Kraj

Trzęsą się portki

„Kiedy wieje wiatr historii, pętakom trzęsą się portki”, pisał Gałczyński.

Brawo, panie premierze! Nie, nie, nie o tego premiera chodzi, tylko o Włodzimierza Cimoszewicza. Były premier świetnie wypadł jako gość Macieja Głogowskiego w „Poranku Radia TOK FM”. Zaczęło się od nieszczęsnej konferencji prasowej z krową i osłami z rządu. Cel ministrów Błaszczaka i Kamińskiego był jasny (a właściwie ciemny): Nastraszyć lud „migrantami”, czyli wszelkiego rodzaju zboczeńcami, terrorystami, pedofilami, zoofilami, żeby naród oddał się pod opiekę rządu – jedynej siły, która potrafi powstrzymać zwierzoczłekoupiory.
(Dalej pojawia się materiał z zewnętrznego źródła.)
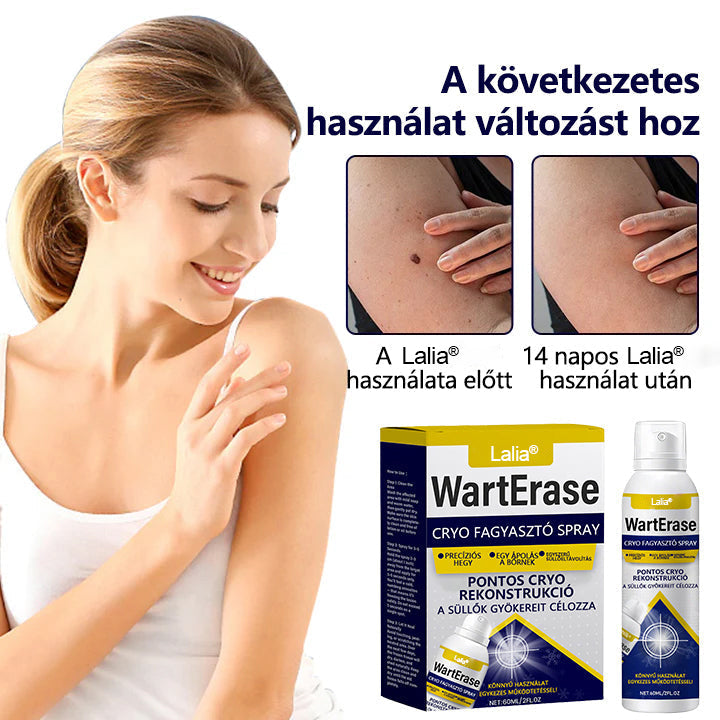 🔥Laleia® WartErase – Fagyasztó Szemölcseltávolító Spray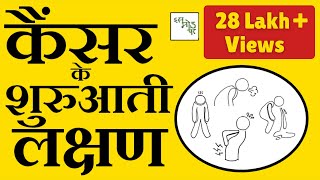 Common cancer signs Hindi Cancer Ke Shuruati Lakshan  Cancer early signs hindi [upl. by Acinoryt]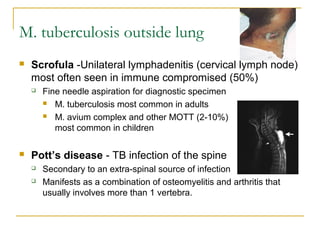 M. tuberculosis outside lung
 Scrofula -Unilateral lymphadenitis (cervical lymph node)
most often seen in immune compromised (50%)
 Fine needle aspiration for diagnostic specimen
 M. tuberculosis most common in adults
 M. avium complex and other MOTT (2-10%)
most common in children
 Pott’s disease - TB infection of the spine
 Secondary to an extra-spinal source of infection
 Manifests as a combination of osteomyelitis and arthritis that
usually involves more than 1 vertebra.
 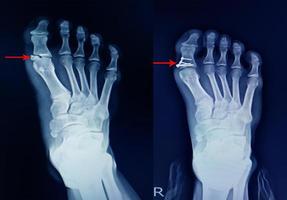 Röntgen-Fußfraktur proximales Fingerglied und chirurgische Fixierung der Miniplatte und Schrauben foto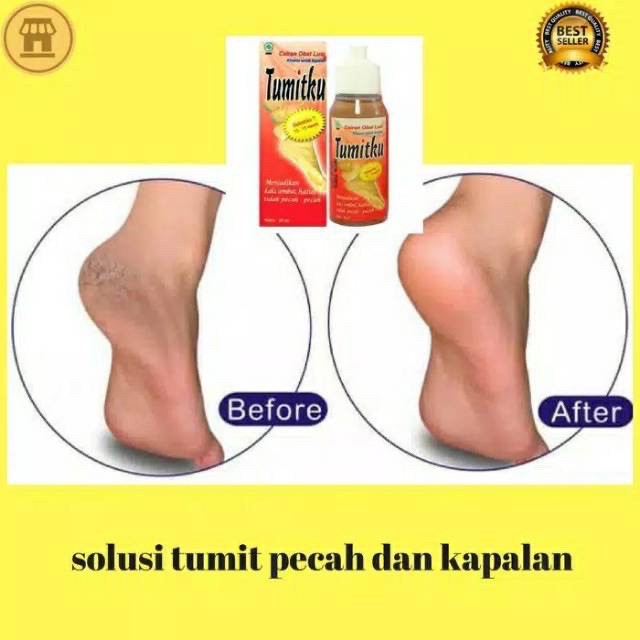 TUMIT OBAT KAKI PECAH2 OBAT KAKI PECAH2 DAN KERING AMPUH OBAT KAKI RAYAPAN KRONIS MURAH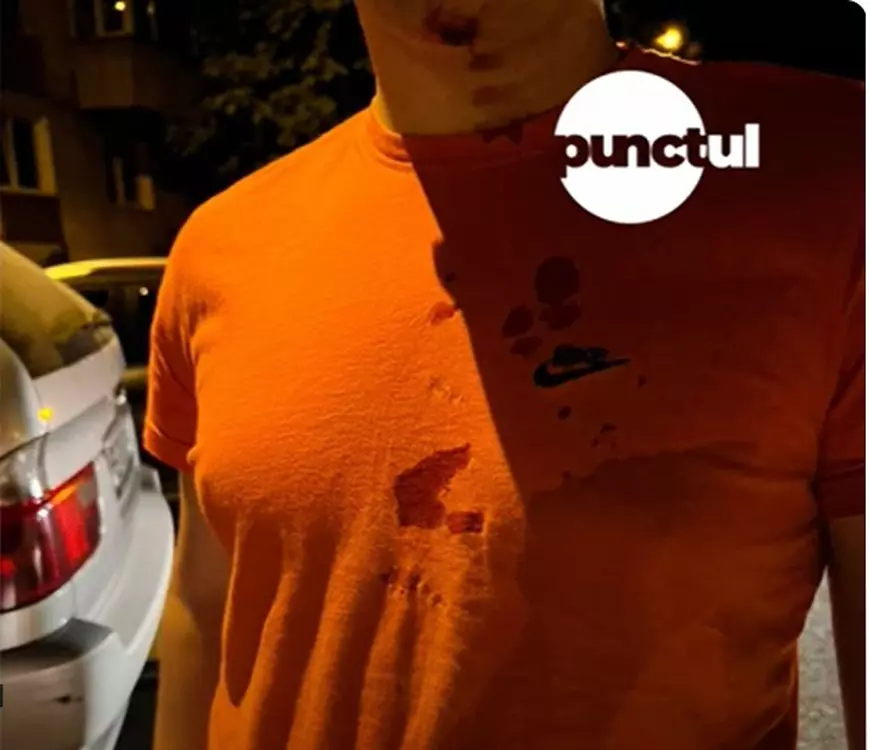 Polițiști din Mureș, acuzați cu au bătut un adolescent de 17 ani. „Mi-a dat un pumn în ficat”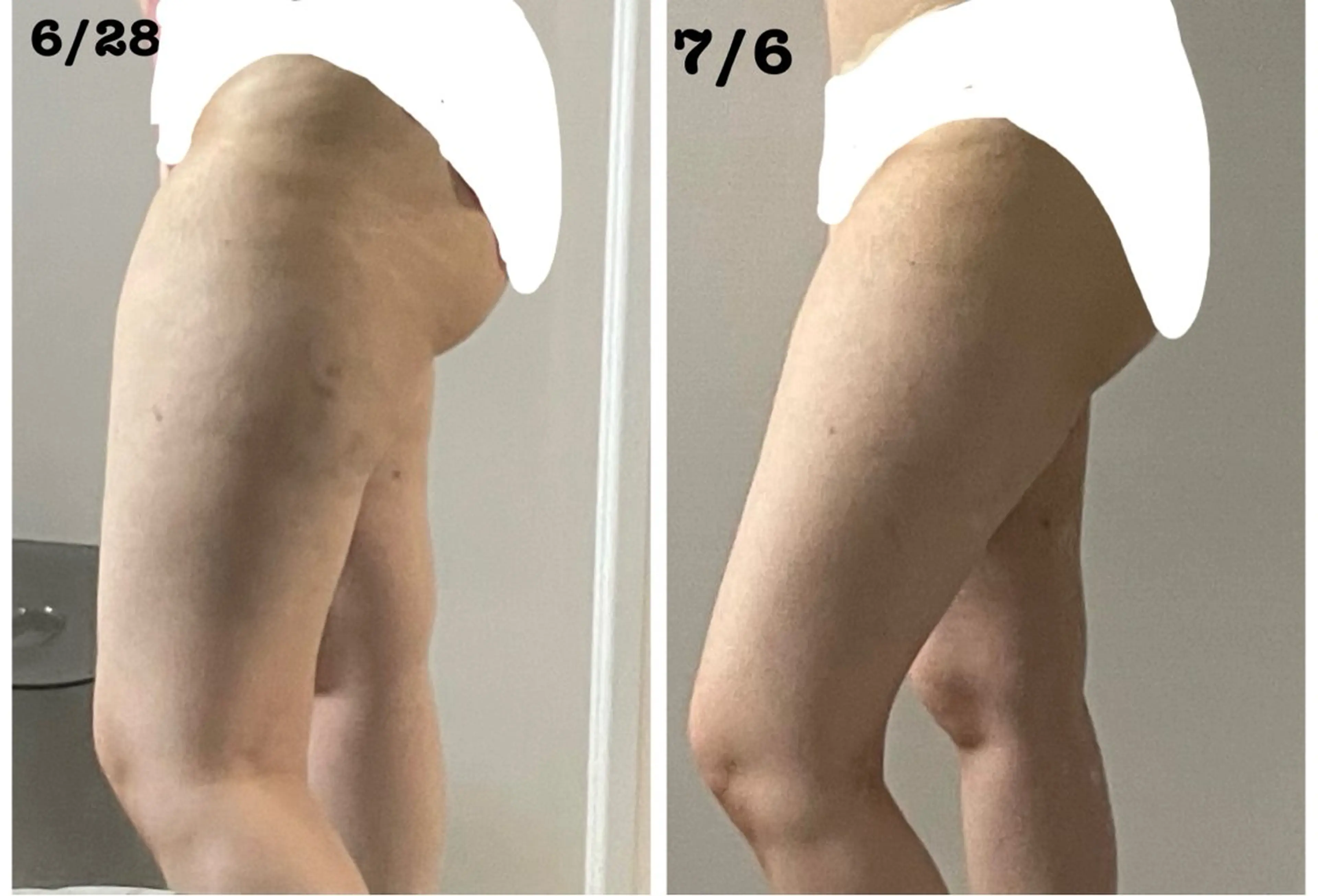 Le Cherien所属・姫路/肌管理/脱毛 Le Cherienのその他イメージ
Cimoszewicz (prawnik z wykształcenia) powiedział, że panowie naruszyli Kodeks karny, zaś ten, który komentował drastyczne sceny obyczajowe, jest po prostu „głupkiem”.

To ostatnie słowo zaniepokoiło redaktora, gdyż każdy gospodarz programu „na żywo” jest w strachu przed Krajową Radą itd., która jest bardzo wrażliwa, więc potrafi wymierzyć bolesną karę. – Pan wie, że teraz będą mogli panu zarzucić, że użył pan inwektywy – zauważył redaktor. – Wyrażam tylko swoją opinię, każdy obywatel ma do tego prawo – powiedział premier, po czym jeszcze raz użył „głupka”. – A więc powtarza pan – redaktor odetchnął z ulgą, jak gdyby był zadowolony, że gość wie, o co chodzi, a on ostrzegał.

Dalej Cimoszewicz powiedział, że rządzi nami układ koleżeńsko-polityczny, połączony wspólnotą interesów, odrażający, bezczelny (patrz nepotyzm), tak ciasno spleciony, że nie ma szans, żeby go rozbroić, rozplątać. Jedyne wyjście to zmieść go całego w wyborach.

Kończy się wersal, co – jak mniemam – nie zawsze wynika z braku kindersztuby (jak „zdradzieckie mordy”, „będziesz pan wisiał” itp.), ale z oglądu sytuacji w kraju, która jest, delikatnie pisząc, przygnębiająca.